* _WHAT YOU ARE ASKED TO DO_
Set the data down again, exactly as it reads, but without the pictures.

* _ENTRIES PROVIDED_
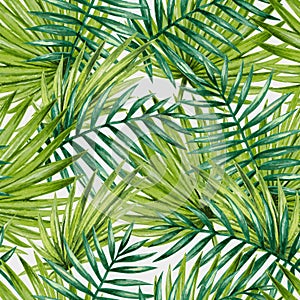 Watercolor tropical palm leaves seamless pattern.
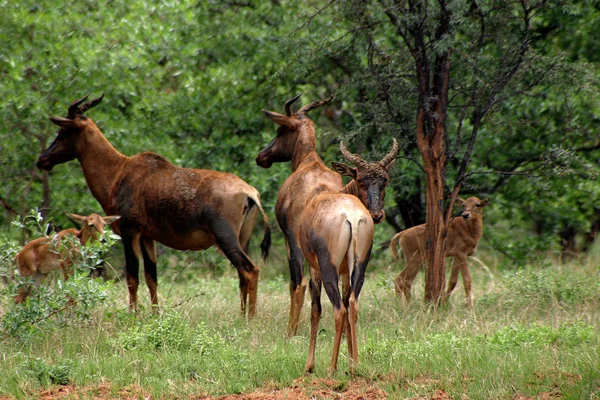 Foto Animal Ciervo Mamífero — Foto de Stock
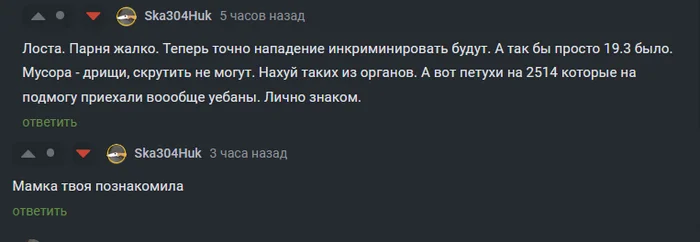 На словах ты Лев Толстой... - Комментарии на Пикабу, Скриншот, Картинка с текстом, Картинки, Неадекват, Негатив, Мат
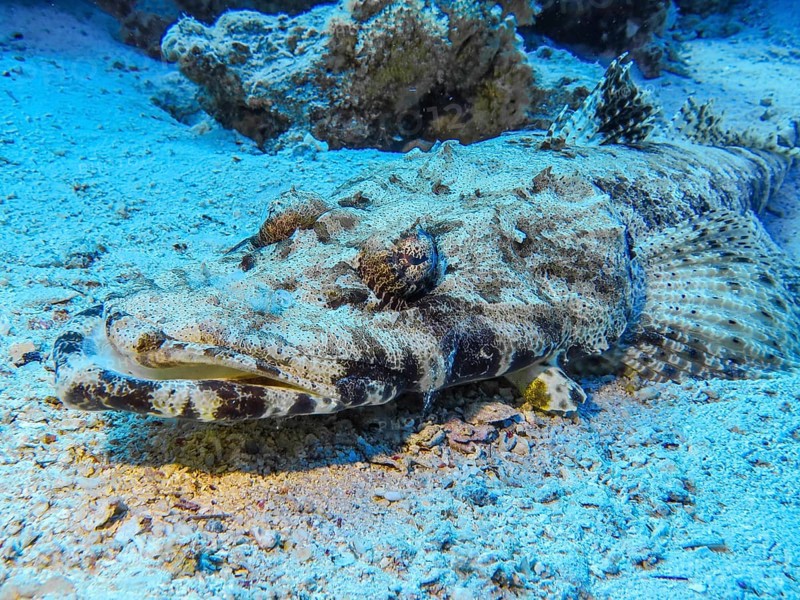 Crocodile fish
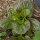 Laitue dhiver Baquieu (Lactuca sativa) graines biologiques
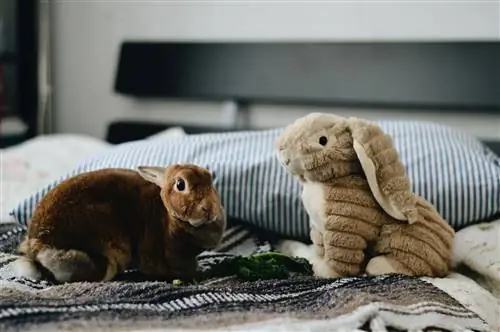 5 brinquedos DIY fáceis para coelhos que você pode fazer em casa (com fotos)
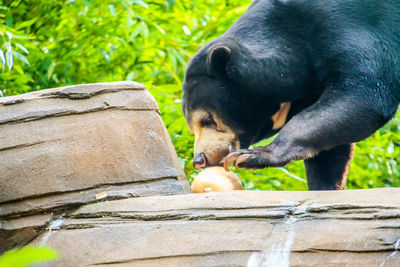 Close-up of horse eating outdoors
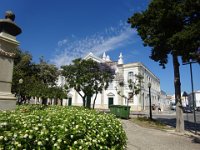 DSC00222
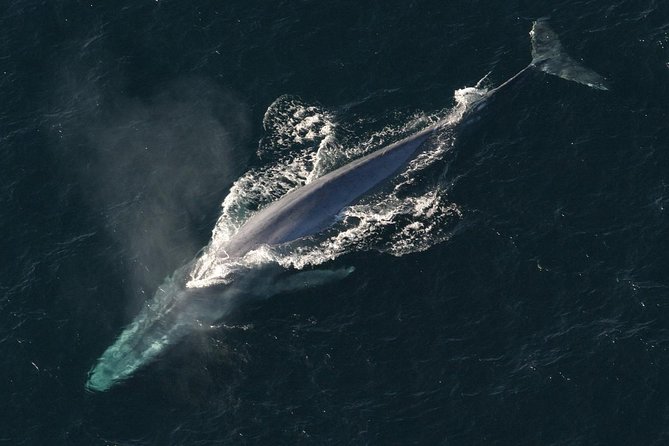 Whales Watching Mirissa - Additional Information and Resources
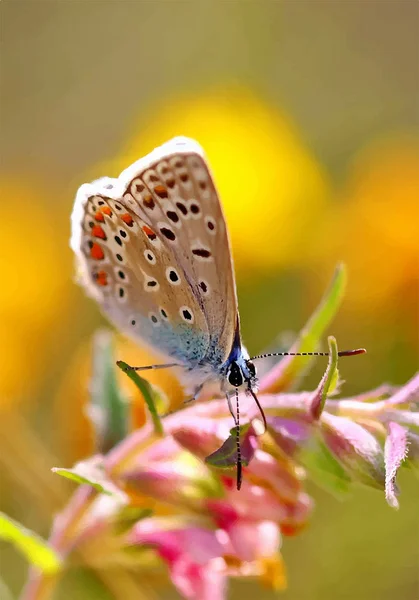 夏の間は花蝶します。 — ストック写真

* _FINAL ANSWER_
 Watercolor tropical palm leaves seamless pattern.
 Foto Animal Ciervo Mamífero — Foto de Stock
 На словах ты Лев Толстой... - Комментарии на Пикабу, Скриншот, Картинка с текстом, Картинки, Неадекват, Негатив, Мат
 Crocodile fish
 Laitue dhiver Baquieu (Lactuca sativa) graines biologiques
 5 brinquedos DIY fáceis para coelhos que você pode fazer em casa (com fotos)
 Close-up of horse eating outdoors
 DSC00222
 Whales Watching Mirissa - Additional Information and Resources
 夏の間は花蝶します。 — ストック写真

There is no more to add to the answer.